After a nice long ride, the burlap (of the burlap carrot germination method) is finally breaking down, shredding as we fold it up off the final carrot beds of the season.

Even in this wet weather, the burlap makes a big difference, probably because it holds the soil heat—the difference is clear at the ends of the beds, where the seed drills extend past the burlap, and germination has barely started.

I haven’t been keeping accurate count, but this batch has done at least eight seedings over the last two years. At about $30 a bed for a double layer of burlap (100’/30m) over a 50′ (15 m) x 4 row bed, that makes it less than $4 per 200′ (60m) of carrots, more than worthwhile. If we’d taken better care of it during this wet weather, mainly by making sure it dried out quickly, it may’ve even lasted for a seeding or two more.
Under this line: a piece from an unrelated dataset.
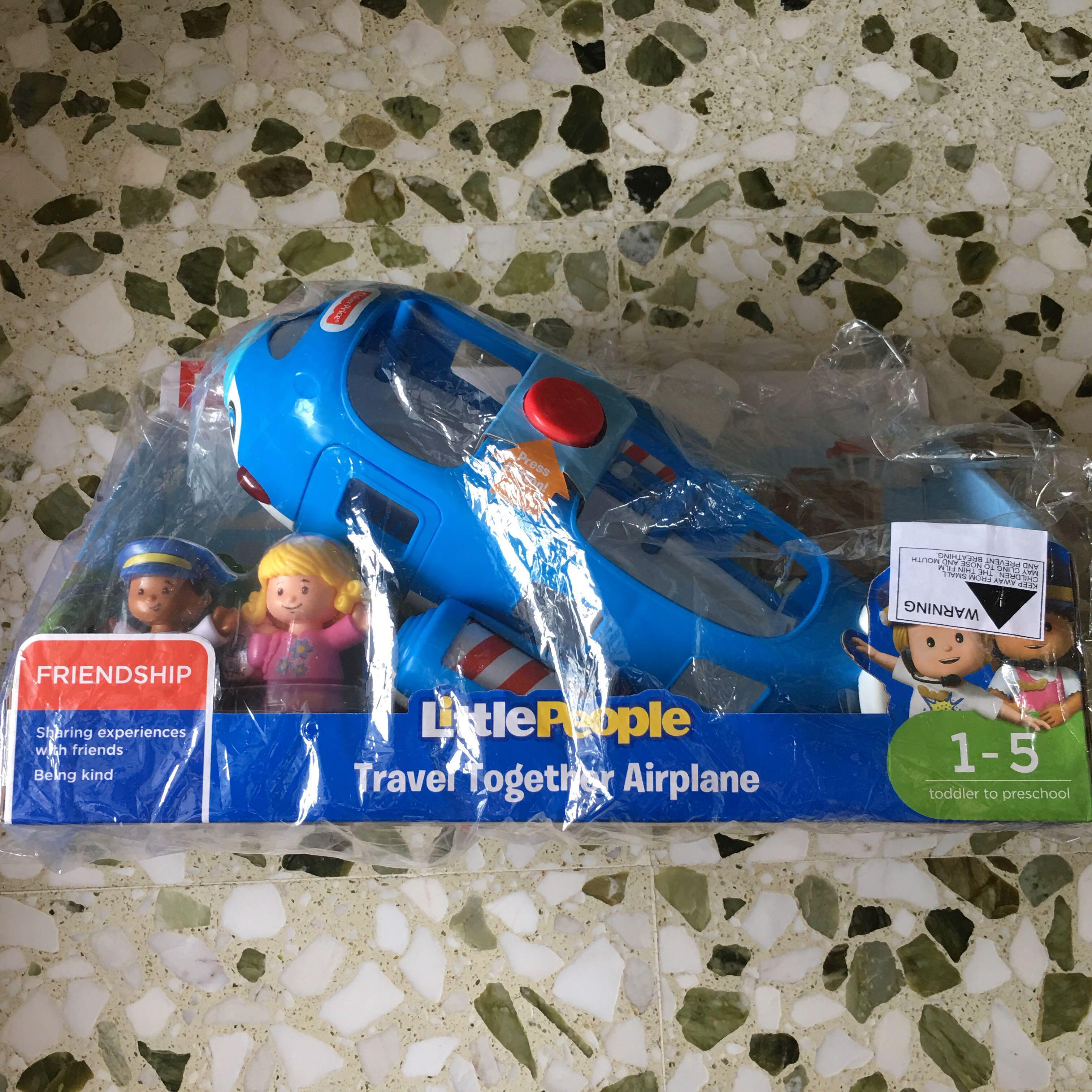 Little people travel together online airplane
Like floating row cover, burlap is an outside input that I don’t like to rely on, but for now…it works!

Garlic all in

Harvested in three parts over the last week, the garlic is now all in! This crop seems to’ve done well once again (I LOVE growing garlic!). For the first time, there’s a small pile of damaged goods, water-logged from all the rain. But overall, things are looking good. The combination of oat straw (from last fall’s cover crop) and grass mulch worked great (below)—weeds were kept down, and although the paths weren’t as heavily mulched as around the plants, they weren’t bad. We’ve been having trouble starting the riding mower, which means no trailer, so the tractor bucket took its place for transport duties. The garlic is stacked on pallets in the barn. Lynn seems to’ve taken to garlic harvesting and went to town: fork and pull, fork and pull…around 3,000 garlic bulbs hit the local food chain!

Beans and big weeds

Hand pulling big weeds is a regular garden feature this summer of rainy, weed-favoring weather. In the before and after, the second and third plantings of snap beans (Jade and Indy Gold) are disappearing under soaring lamb’s quarters and pigweed: a couple of hours and a couple of pairs of hands later and they’re looking good.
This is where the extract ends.